→ Action item: The answer is a single figure: how many lines below contain the word "Used".

==== Supplied data

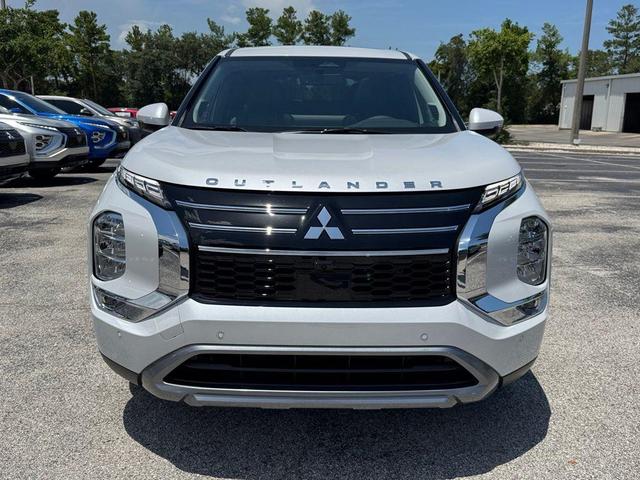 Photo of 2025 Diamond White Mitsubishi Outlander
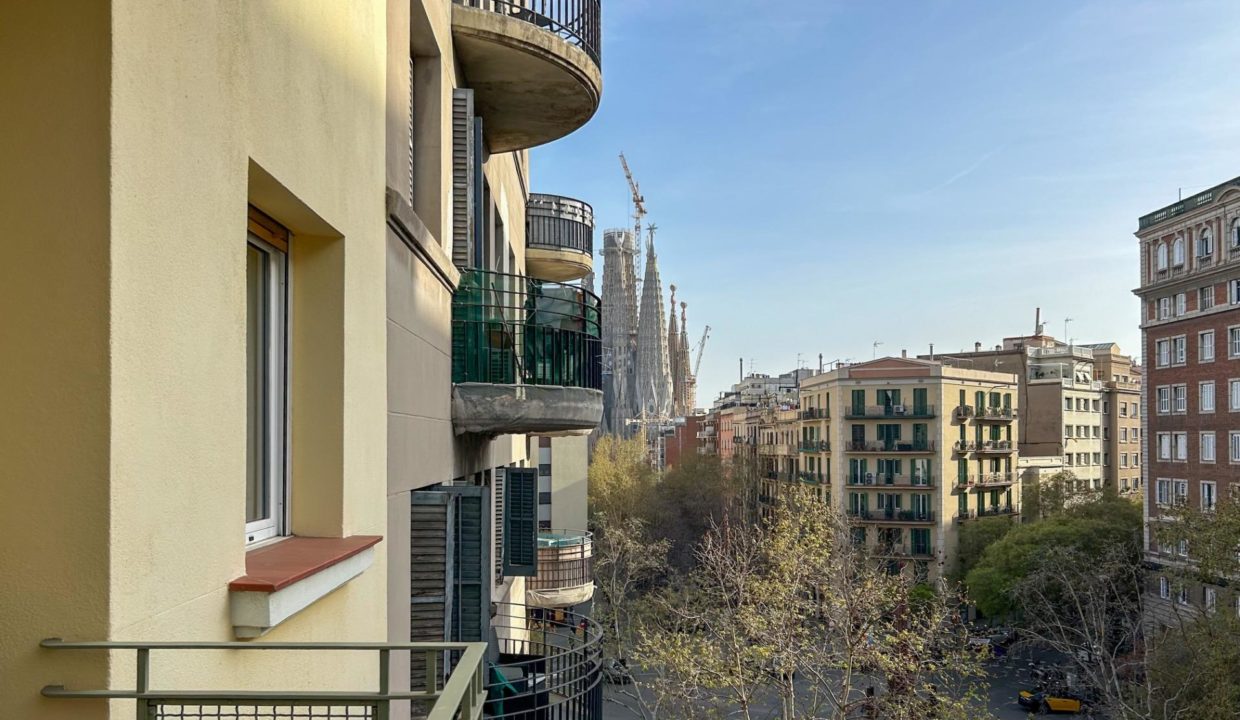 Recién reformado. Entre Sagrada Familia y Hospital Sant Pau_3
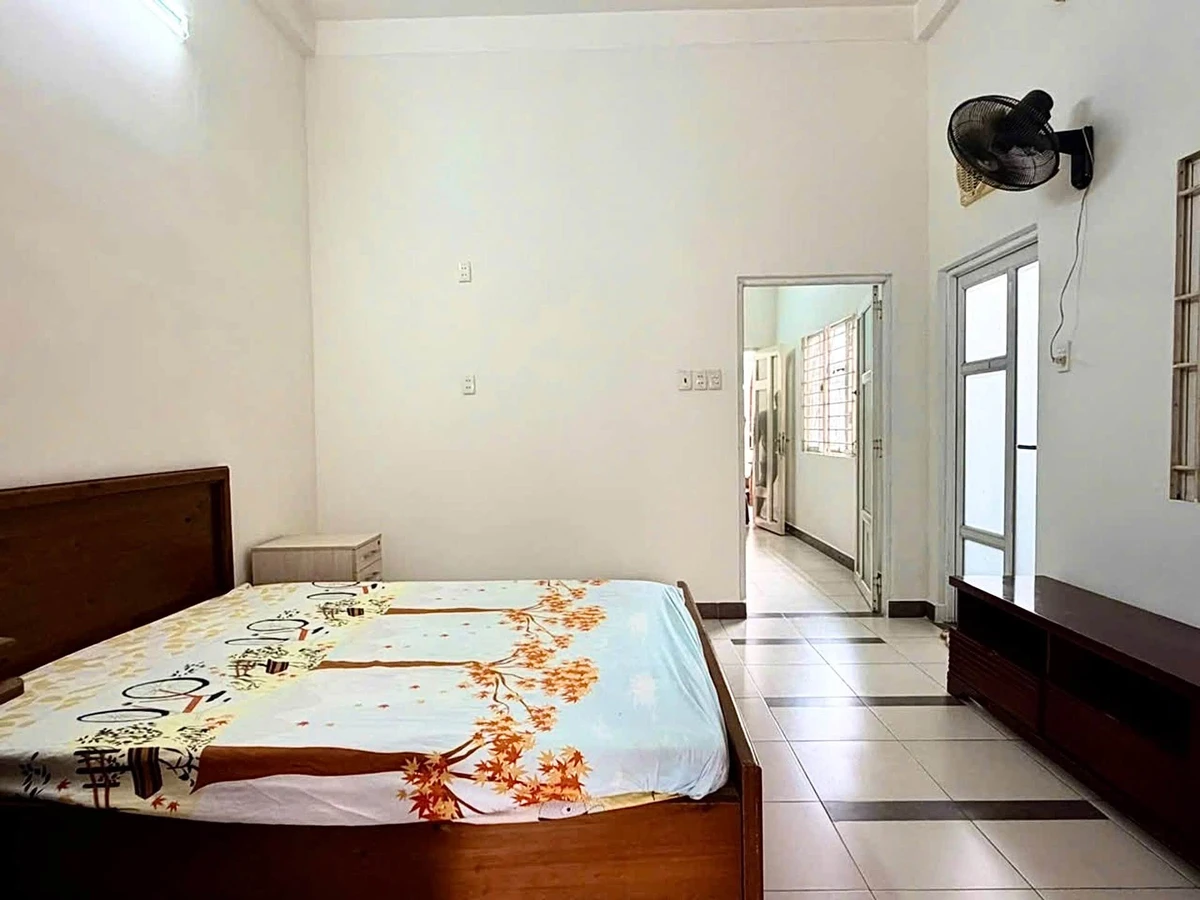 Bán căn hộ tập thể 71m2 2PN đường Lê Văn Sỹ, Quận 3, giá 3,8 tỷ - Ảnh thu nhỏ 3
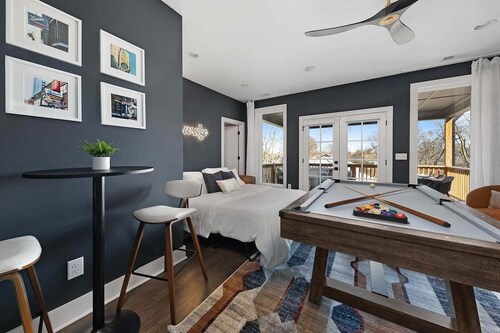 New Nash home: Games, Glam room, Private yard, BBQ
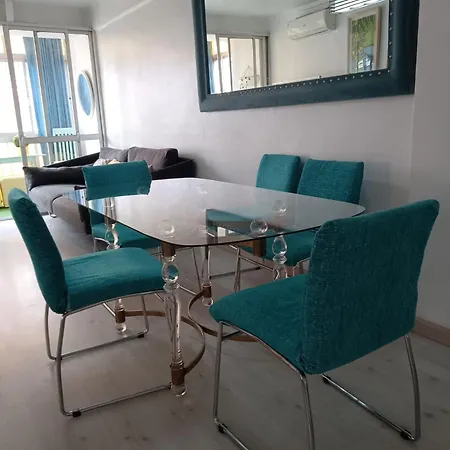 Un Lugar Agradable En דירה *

========
==== Supplied data

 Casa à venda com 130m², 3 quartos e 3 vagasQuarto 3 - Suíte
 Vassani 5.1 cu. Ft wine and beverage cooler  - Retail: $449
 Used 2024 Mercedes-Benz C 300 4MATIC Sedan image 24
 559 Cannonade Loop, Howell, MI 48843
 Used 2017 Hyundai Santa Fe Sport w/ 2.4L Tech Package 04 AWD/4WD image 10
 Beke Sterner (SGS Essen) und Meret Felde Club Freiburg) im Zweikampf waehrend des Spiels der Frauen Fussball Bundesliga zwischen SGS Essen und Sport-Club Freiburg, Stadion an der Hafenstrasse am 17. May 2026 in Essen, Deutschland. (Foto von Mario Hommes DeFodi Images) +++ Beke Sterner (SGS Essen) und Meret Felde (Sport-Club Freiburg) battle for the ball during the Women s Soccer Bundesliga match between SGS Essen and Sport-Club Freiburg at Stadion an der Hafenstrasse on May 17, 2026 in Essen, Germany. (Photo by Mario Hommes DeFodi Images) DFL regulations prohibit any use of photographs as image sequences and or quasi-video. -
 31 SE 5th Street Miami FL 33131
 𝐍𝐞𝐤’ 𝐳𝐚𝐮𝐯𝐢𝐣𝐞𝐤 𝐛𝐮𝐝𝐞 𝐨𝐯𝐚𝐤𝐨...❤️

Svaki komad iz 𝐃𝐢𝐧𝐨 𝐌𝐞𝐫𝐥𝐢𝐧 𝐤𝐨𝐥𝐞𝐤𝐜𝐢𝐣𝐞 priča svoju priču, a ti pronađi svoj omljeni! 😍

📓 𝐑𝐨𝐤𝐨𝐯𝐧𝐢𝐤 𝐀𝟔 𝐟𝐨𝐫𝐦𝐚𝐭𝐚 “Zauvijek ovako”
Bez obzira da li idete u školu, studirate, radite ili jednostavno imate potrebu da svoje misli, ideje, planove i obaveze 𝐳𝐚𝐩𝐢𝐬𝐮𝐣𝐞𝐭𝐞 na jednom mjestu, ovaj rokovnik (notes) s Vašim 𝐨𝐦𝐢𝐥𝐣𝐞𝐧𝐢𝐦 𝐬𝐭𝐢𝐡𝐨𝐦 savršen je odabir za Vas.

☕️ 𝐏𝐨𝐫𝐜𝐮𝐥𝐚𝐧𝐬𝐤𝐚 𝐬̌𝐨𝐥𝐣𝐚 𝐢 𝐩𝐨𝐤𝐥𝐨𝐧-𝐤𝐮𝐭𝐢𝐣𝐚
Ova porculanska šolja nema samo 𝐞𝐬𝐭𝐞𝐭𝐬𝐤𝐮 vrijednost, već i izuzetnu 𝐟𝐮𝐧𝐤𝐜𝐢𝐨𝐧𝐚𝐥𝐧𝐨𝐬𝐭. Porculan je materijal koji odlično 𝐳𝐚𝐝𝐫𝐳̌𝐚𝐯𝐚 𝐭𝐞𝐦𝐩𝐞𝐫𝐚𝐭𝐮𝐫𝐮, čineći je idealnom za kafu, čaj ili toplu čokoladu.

========
==== Supplied data

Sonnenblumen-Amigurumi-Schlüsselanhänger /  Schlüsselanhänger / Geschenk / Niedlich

========

→ Exercise result: 2